How can I group by same amount of records? (percentiles)

New Member

Hi everyone, Splunk noob here.. so any I help I would be grateful!. I've been trying to use the percX() function without success but I think it should be possible to use it to get this done.

Lets say I have a list of records with scores. I need to group them in buckets with the same amount of records on each.

I have 800 records with the field "score" (integer value) and I need to group them in groups of 20% (sorted by the score). The first bucket would be "the worst 20%", the second bucket the "second worst 20%" and so on.
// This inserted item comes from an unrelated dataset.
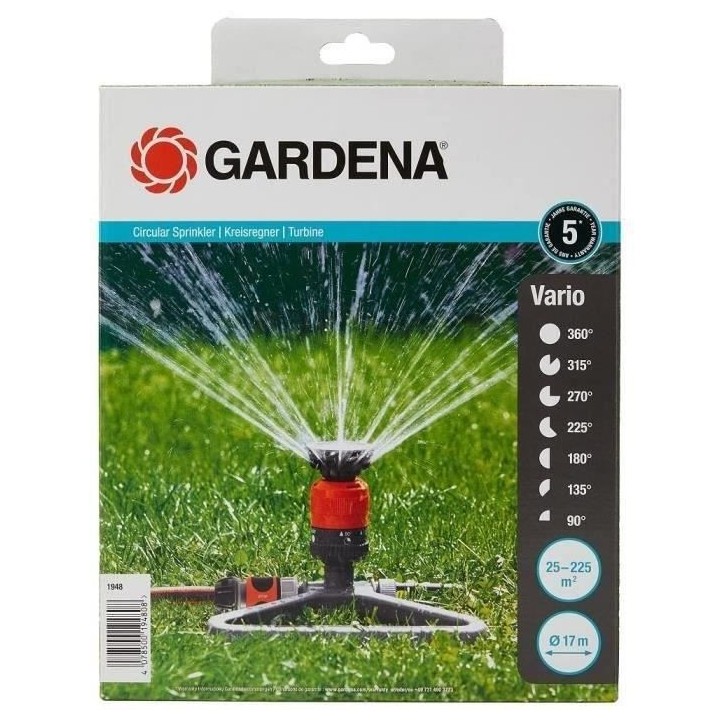 GARDENA Arroseur circulaire Vario Comfort – Surface 225m² max – P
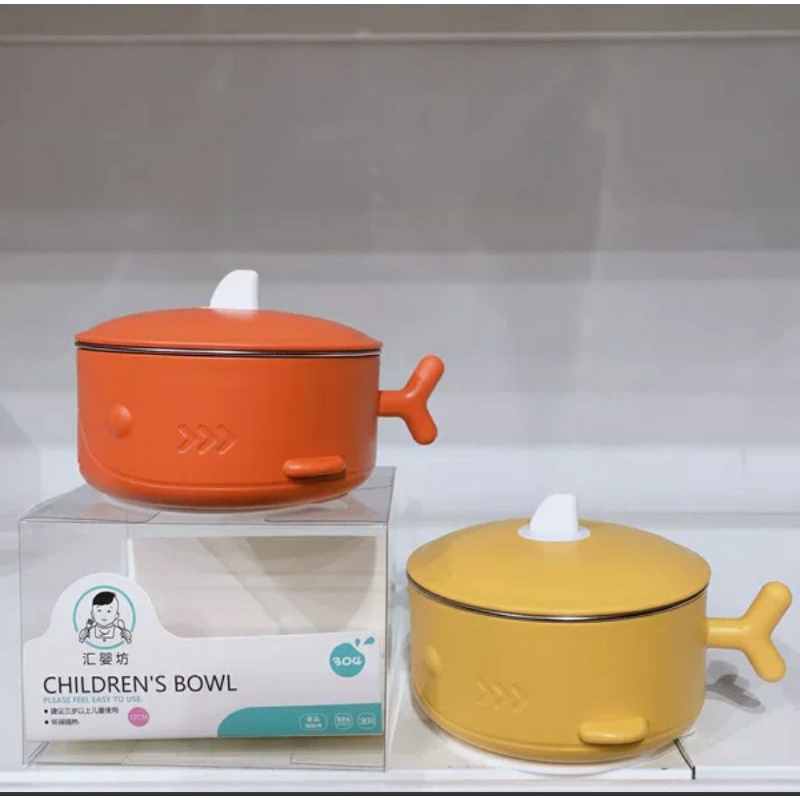 Bát ăn dặm inox giữ nhiệt, chống đổ cho bé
At the end I need to get a table like this:

Bucket | Avg(some_field) | count
Bucket1 | X | 160 <--- The worst 20%
Bucket2 | X | 160
Bucket3 | X | 160
Bucket4 | X | 160
Bucket5 | X | 160 <--- The top 20%


0 Karma

Re: How can I group by same amount of records? (percentiles)


So, yes. 🙂

I don't have your data, so I mocked up some that's close enough using the wind speed as reported by my Ecobee Thermostat - integers like yours, or close enough I think, for a month some time last year. It should be pretty easy to modify this technique and make it fit your data exactly.

index="ecobee3" "Wind Speed _km_h">0 
| eventstats perc20("Wind Speed _km_h") AS WS20 
| eventstats perc40("Wind Speed _km_h") AS WS40 
| eventstats perc60("Wind Speed _km_h") AS WS60
| eventstats perc80("Wind Speed _km_h") AS WS80
| eval Ranking=case('Wind Speed _km_h'<=WS20,20,'Wind Speed _km_h'<=WS40,40,'Wind Speed _km_h'<=WS60,60,'Wind Speed _km_h'<=WS80,80,1==1,100)
| stats count by Ranking | sort + Ranking

First, in line one I search my index and also for where "Wind Speed kmh" is greater than zero, simply because it's often zero. You don't have to strip that out if you don't want.

The next 4 lines add to all events the 4 values for perc20, perc40, perc60 and perc80 of my wind speeds (Called WS20 etc...) by using eventstats. If you just run it up to that point in the search, each event will have a WS20, WS40 and so on, and they should ascend reasonably - in my case they're, I think 7, 11, 14, and 16? That makes sense for wind speeds if I don't count zeros.

Then in line 6, I create a new field called Ranking that puts each event in a ranking system from 20 to 100 (by 20's) based on which WSXX it's in. This uses an eval case.

The last line(s) is a stats count by Ranking then resorting it because, well, it wasn't sorted. Now it is!

So, see if you can make that work for you, and if not (or it's almost but not quite perfect) reply back with what else you need or some sample events!